Mal sei o que ocorreu no florido oratório! Achei-me à porta, enrodilhado na cortina verde, com as pernas a vergar, num desmaio. Estalando, como achas atiradas a uma fogueira, eu sentia as acusações do Negrão bradadas contra mim junto à touca da Titi: -«Deboche! Escárnio! Camisa de prostituta! Achincalho à senhora Dona Patrocínio! Profanação do oratório!» Distingui a sua bota arrojando furiosamente para o corredor o trapo branco. Um a um, entrevi os amigos perpassarem, como longas sombras levadas por um vento de terror. As luzes das velas arquejavam, aflitas. E, ensopada em suor, entre as pregas da cortina, percebi a Titi caminhando para mim, lenta, lívida, hirta, medonha... Estacou. Os seus frios e ferozes óculos trespassaram-me. E através dos dentes cerrados cuspiu esta palavra:
— Porcalhão!
E saiu.
Rolei para o quarto, tombei no leito, esbarrondado. Um rumor de escândalo acordara o casarão severo. E a Vicência surgiu diante de mim, enfiada, com o seu avental branco na mão:
— Menino! Menino! A senhora manda dizer que saia imediatamente para o meio da rua, que o não quer nem mais um instante em casa... E diz que pode levar a sua roupa branca e todas as suas porcarias!
Despedido!
Ergui a face mole da travesseira de rendas. E a Vicência, atontada, torcendo o aventaclass="underline"

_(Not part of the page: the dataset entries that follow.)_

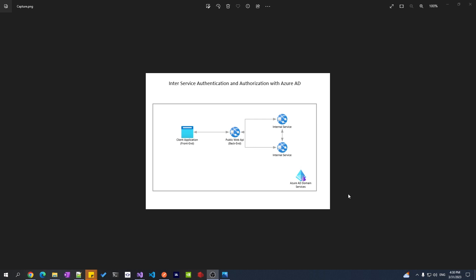In this video I'm going to talk about inter-service authentication and authorization using Azure AD. In our example we will have a public API we'll call it a back-end, and then another client application we'll call it front-end. From here a user will be able to log in and get a token from Azure AD, then use that token to call the public API and get a response back. We'll also have one or more internal applications that will get a token from Azure AD and call the public API using that token.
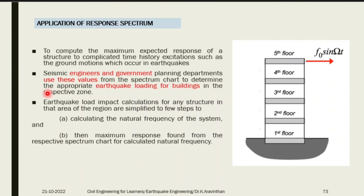Using past earthquakes from the last 100 to 150 years, engineers plot the response graph and find the peak frequency values. These are called site-specific response spectra, representing what response your site will experience during an earthquake.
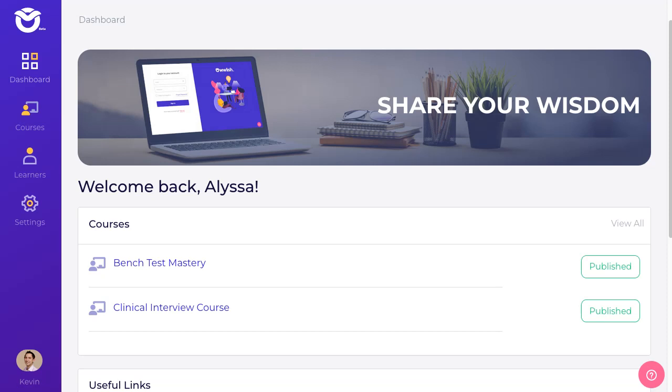Hey, this is Kevin with the team at Owlish. In this video I'm going to show you how to take an online course that you create in Owlish and add it to your Square or SquareUp website.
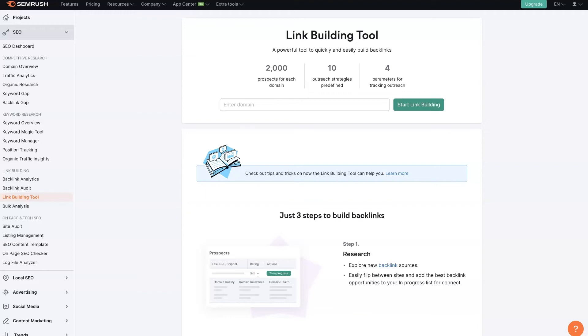The SEMrush link building tool is a genius tool that SEM put together that makes it super simple to build backlinks on your website.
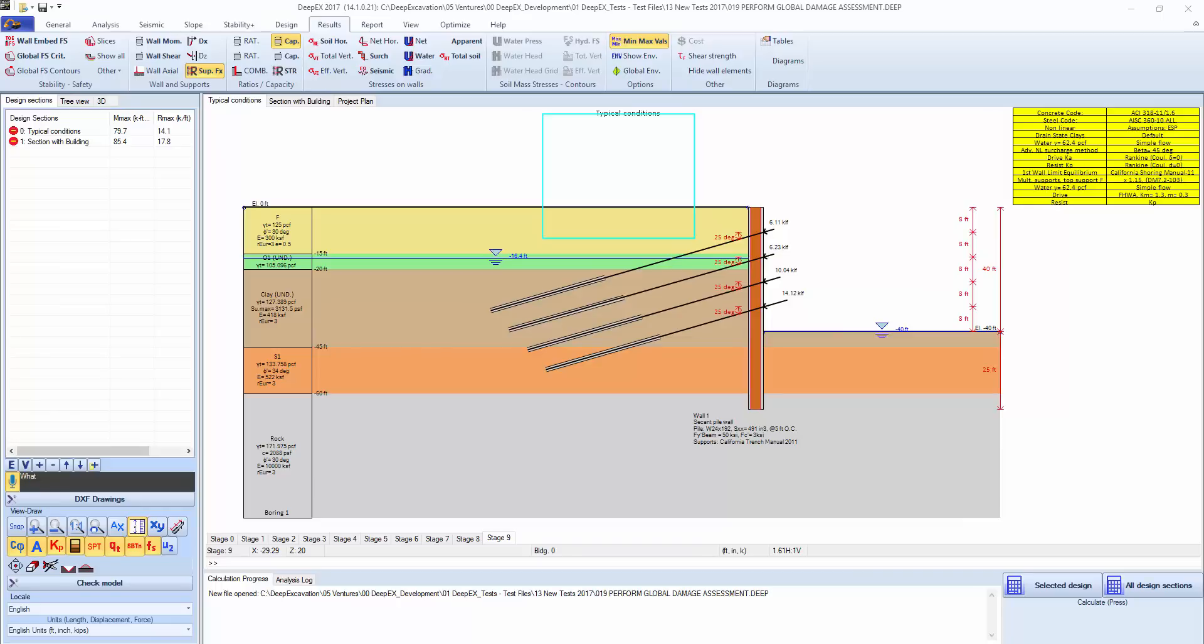Welcome to DeepX, a software for the design of deep excavations. We will be introducing one of the most innovative and unique features in DeepX that's coming up in the 2017 version, and that's the Building Damage Assessment Module.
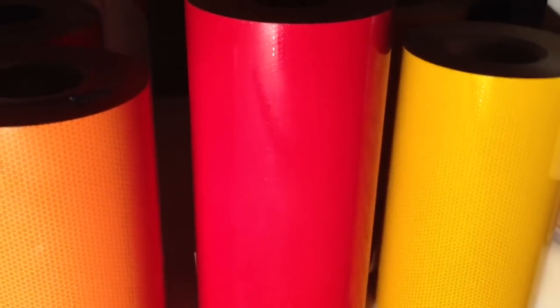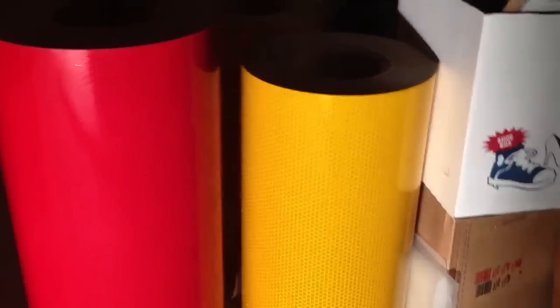These tapes use high index glass beads that are encapsulated in this little honeycomb type pattern you can see here. This is the green, the blue, this white, orange, and then red, and yellow.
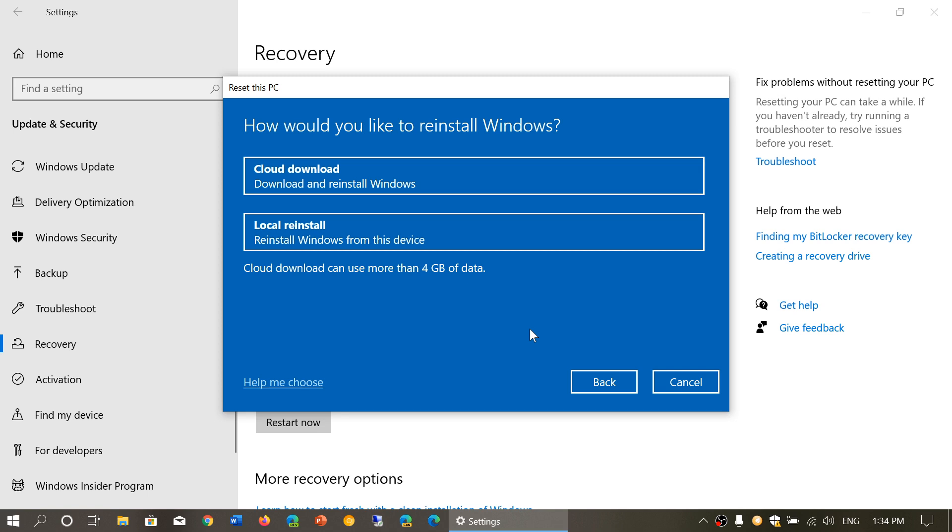Local reinstall is Windows that you have, either on USB thumb drive, maybe a recovery on your PC or a DVD of Windows 10. Cloud download is going to download from the internet the required Windows install to actually get it running on your PC.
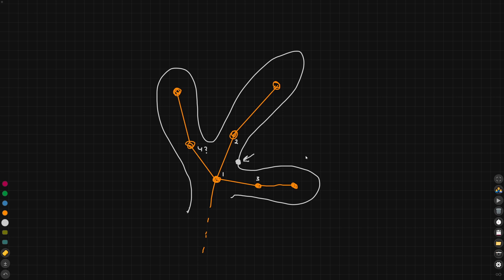In more traditional skinning you will find that every vertex, in this example the white dot here, can be skinned to any arbitrary number of joints. In this case I've marked them 1, 2, 3 and 4.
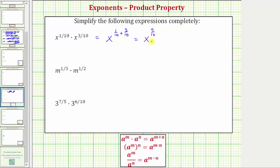But four-tenths does simplify because four and ten share a common factor of two. So to simplify four-tenths, let's divide the numerator and denominator by two, which gives us x raised to the power of two-fifths — four divided by two is two, and ten divided by two is five. So the simplified expression is x raised to the power of two-fifths.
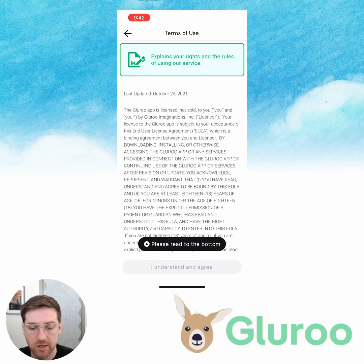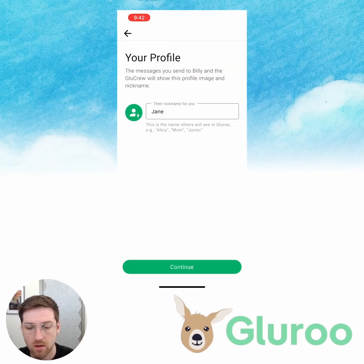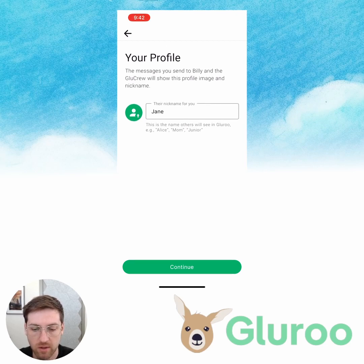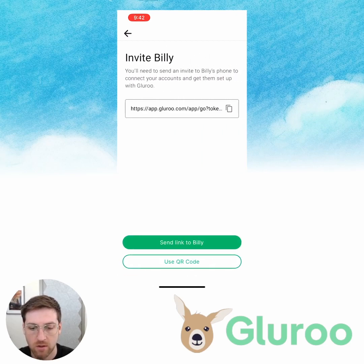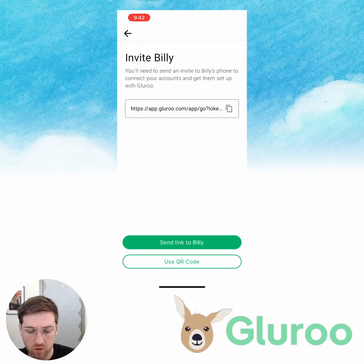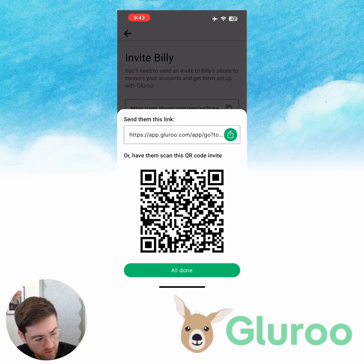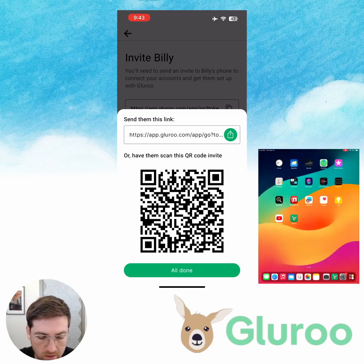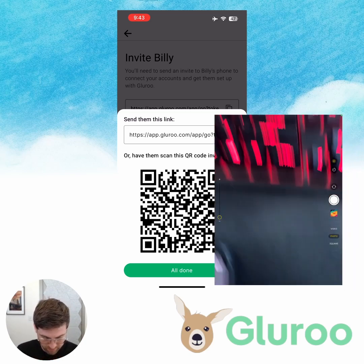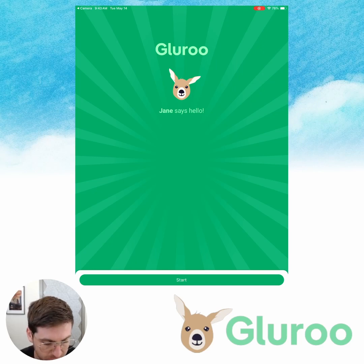Next steps: we're going to read and accept the terms of use, the privacy policy, and medical warnings. For my profile, my name is Jane. I can upload a profile picture here as well so that when Billy pops into my GlueRoo crew, he'll recognize my face. For this step, we can invite Billy a couple of different ways — we can send them a link directly, via email, text it to their phone, or use the QR code. That's what I'm going to do because it's pretty straightforward. You just pull up the QR code, grab the iPad, and open up the camera.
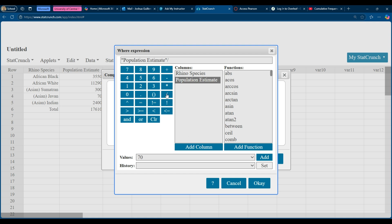And then I'm going to divide it by the 17,610. Now why the 17,610? Well, relative frequency is the frequency divided by the total. And so that's what I'm doing here.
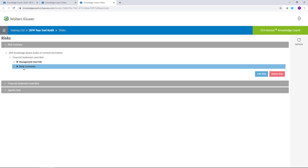If at any point in time you need to modify or delete a risk, simply select the risk that needs to be changed and use the options to either edit the risk, which will open up the risk information, or you can delete the risk out of the engagement entirely.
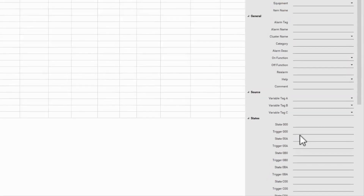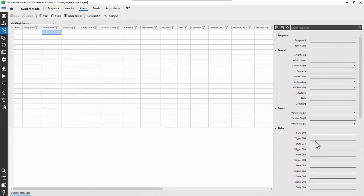This concludes our exploration of the alarms database. Remember that all of these can be configured manually, so you aren't limited to the alarms generated by the profile editor. Next, let's see how these alarms are viewed in the WebHMI.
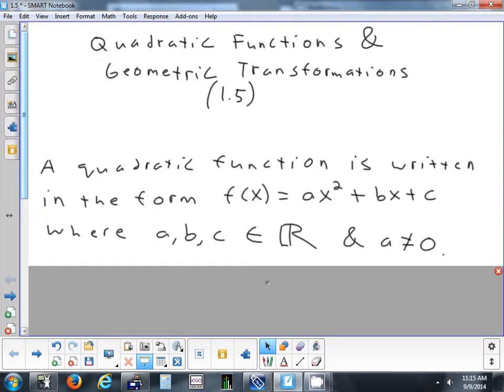So a, b, and c can be any values you want except a cannot be 0. So positives, negatives, fractions, decimals — any real number.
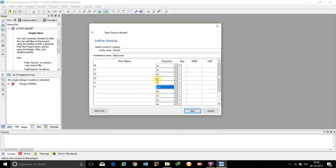Since it is 4x1 mux, there will be 2 select lines and 4 inputs. So, basically convert, make MSB as 1 and LSB as 0. This is a vector from 0 to 1. Since there will be select lines S0 and S1.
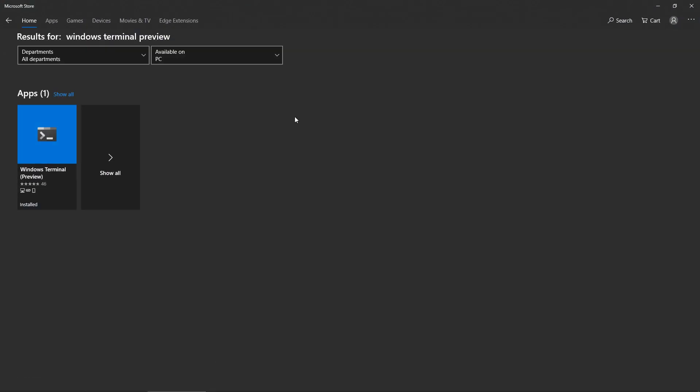If you want to get it from the store, you can either use the link in the description or you can search for it by 'Windows Terminal Preview' and you should find it easily.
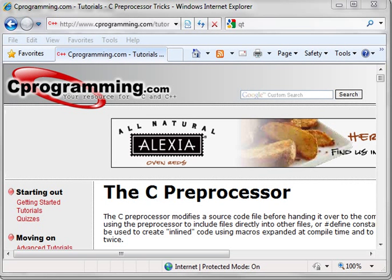Hey everybody, it's Brian and this is our 25th video on C++. This will also be our last video on C++ unless you guys contact me wanting specific videos. I really want to move along to Qt programming, and if you remember at the very beginning of all these tutorials, I even said we're going to cover C++ — what you need to know in order to do Qt programming.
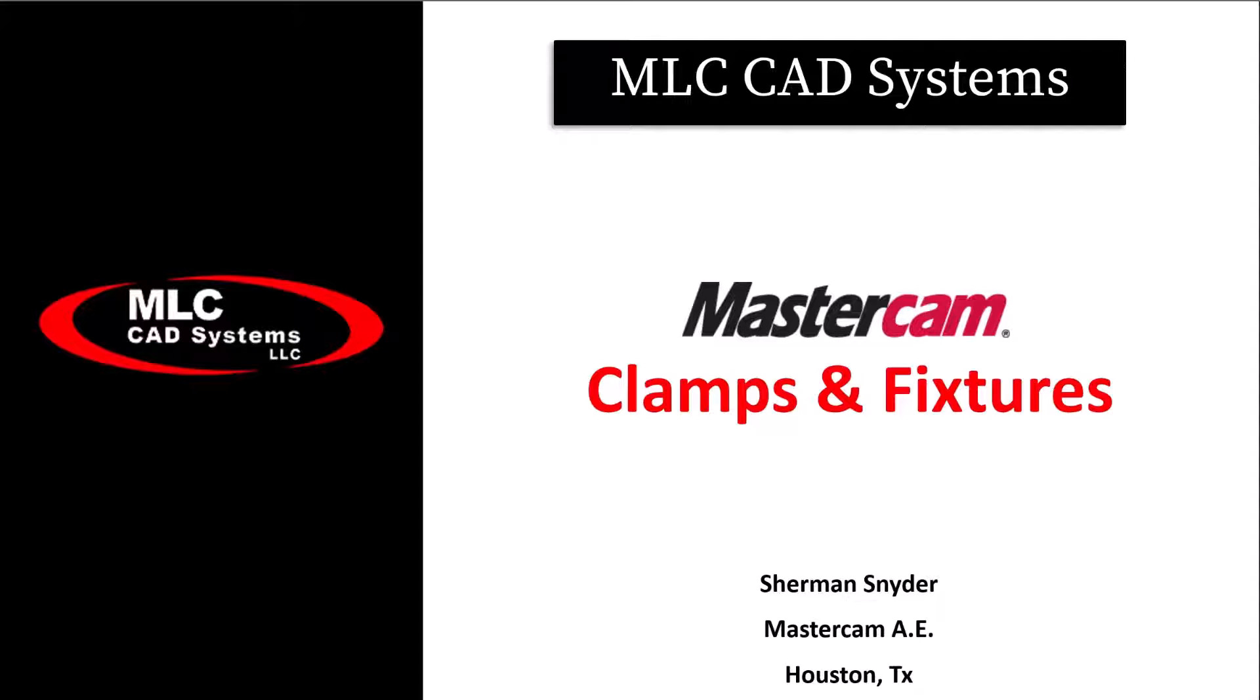Hi, I'm Sherman Snyder, Mastercam AE out of the Houston, Texas area, and today we're going to be discussing clamps and fixtures for Mastercam.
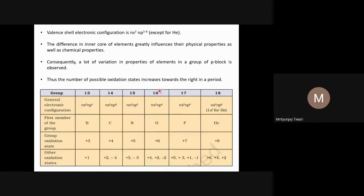The number of possible oxidation states increases towards the right in a period as the number of electrons increases. The maximum oxidation state equals the number of electrons available in the outermost shell, and the minimum oxidation state is 8 minus the number of valence electrons.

— Ai, menino! Ai, menino! se não sai já para a rua, a senhora diz que manda chamar um polícia!
Escorraçado!
Atirei os pés incertos para o soalho. Mergulhei na algibeira uma escova de dentes; topando nos móveis, procurei as chinelas que embrulhei num número da Nação. Sem reparo, agarrei dentre as malas um caixote com bandas de ferro; e em ponta de botins desci a escada da Titi, encolhido e rasteiro, como um cão tinhoso vexado da sua tinha.
Mal transpus o pátio, a Vicência, cumprindo as ordens sanhudas da Titi, bateu-me nas costas com o portão chapeado de ferro — desprezivelmente e para sempre!
Estava só na rua e na vida! À luz dos frios astros contei na palma o meu dinheiro. Tinha duas libras, dezoito tostões, um duro espanhol e cobres... E então descobri que a caixa, apanhada tontamente entre as malas, era a das relíquias menores. Complicado sarcasmo do destino! Para cobrir meu corpo desabrigado — nada mais tinha que tabuinhas aplainadas por São José, e cacos de barro do cântaro da Virgem! Meti no bolso o embrulho das chinelas; e, sem voltar os olhos turvos à casa de minha tia, marchei a pé, com o caixote às costas, na noite cheia de silêncio e de estrelas, para a Baixa, para o Hotel da Pomba de Ouro.